■ What you need to do
Only one stretch of the material below is wanted: everything from the line containing "Honda cbr600f4 1999 - cbr600f4, 1999-2006" down to the line containing "Side Grill Chicken", both ends included. Repeat it exactly and skip the pictures.

■ Material provided
★ ★ ★ ★ ★
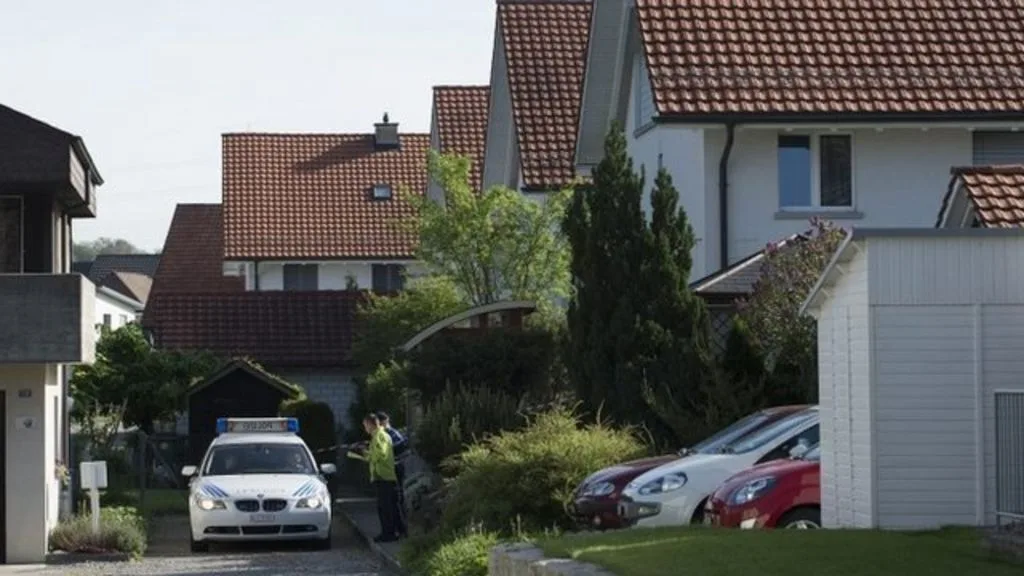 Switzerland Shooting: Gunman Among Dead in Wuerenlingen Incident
★ ★ ★ ★ ★
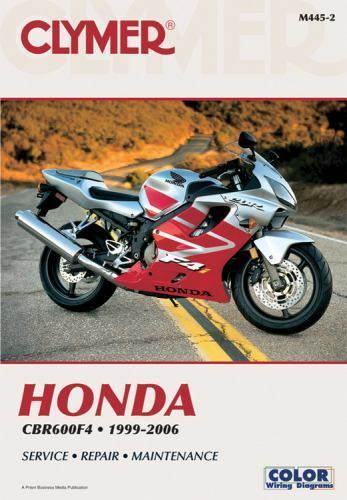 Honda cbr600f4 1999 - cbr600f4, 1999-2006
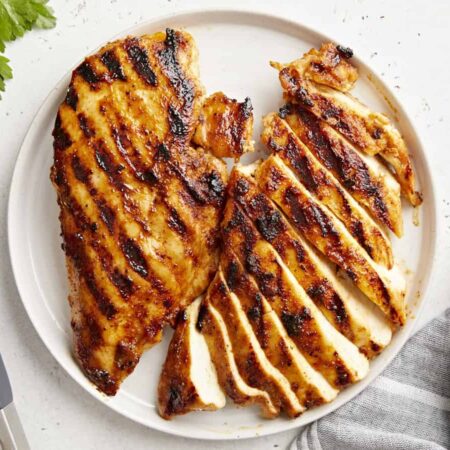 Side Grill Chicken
★ ★ ★ ★ ★
■ Exercise result
 Honda cbr600f4 1999 - cbr600f4, 1999-2006
 Side Grill Chicken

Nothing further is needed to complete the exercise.